▶ [GOAL OF THE EXERCISE]
From the first record below to the last, retype each one exactly.

▶ [RECORDS SHOWN]
------
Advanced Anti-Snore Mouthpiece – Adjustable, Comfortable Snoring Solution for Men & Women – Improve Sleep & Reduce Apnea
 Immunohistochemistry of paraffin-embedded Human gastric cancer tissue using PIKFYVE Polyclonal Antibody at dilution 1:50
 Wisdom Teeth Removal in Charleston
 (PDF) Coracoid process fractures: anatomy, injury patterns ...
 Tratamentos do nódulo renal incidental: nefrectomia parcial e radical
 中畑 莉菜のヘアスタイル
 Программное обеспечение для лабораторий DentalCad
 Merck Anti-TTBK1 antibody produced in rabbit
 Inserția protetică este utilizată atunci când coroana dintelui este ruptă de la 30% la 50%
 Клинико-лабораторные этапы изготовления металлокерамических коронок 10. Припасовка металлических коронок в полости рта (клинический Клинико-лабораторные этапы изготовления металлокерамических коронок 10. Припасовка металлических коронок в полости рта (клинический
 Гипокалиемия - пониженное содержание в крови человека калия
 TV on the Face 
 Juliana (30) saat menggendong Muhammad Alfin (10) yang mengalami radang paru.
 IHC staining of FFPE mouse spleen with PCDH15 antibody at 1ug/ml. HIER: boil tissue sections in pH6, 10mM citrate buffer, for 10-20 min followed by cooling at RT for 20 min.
------
▶ [EXERCISE RESULT]
Advanced Anti-Snore Mouthpiece – Adjustable, Comfortable Snoring Solution for Men & Women – Improve Sleep & Reduce Apnea
 Immunohistochemistry of paraffin-embedded Human gastric cancer tissue using PIKFYVE Polyclonal Antibody at dilution 1:50
 Wisdom Teeth Removal in Charleston
 (PDF) Coracoid process fractures: anatomy, injury patterns ...
 Tratamentos do nódulo renal incidental: nefrectomia parcial e radical
 中畑 莉菜のヘアスタイル
 Программное обеспечение для лабораторий DentalCad
 Merck Anti-TTBK1 antibody produced in rabbit
 Inserția protetică este utilizată atunci când coroana dintelui este ruptă de la 30% la 50%
 Клинико-лабораторные этапы изготовления металлокерамических коронок 10. Припасовка металлических коронок в полости рта (клинический Клинико-лабораторные этапы изготовления металлокерамических коронок 10. Припасовка металлических коронок в полости рта (клинический
 Гипокалиемия - пониженное содержание в крови человека калия
 TV on the Face 
 Juliana (30) saat menggendong Muhammad Alfin (10) yang mengalami radang paru.
 IHC staining of FFPE mouse spleen with PCDH15 antibody at 1ug/ml. HIER: boil tissue sections in pH6, 10mM citrate buffer, for 10-20 min followed by cooling at RT for 20 min.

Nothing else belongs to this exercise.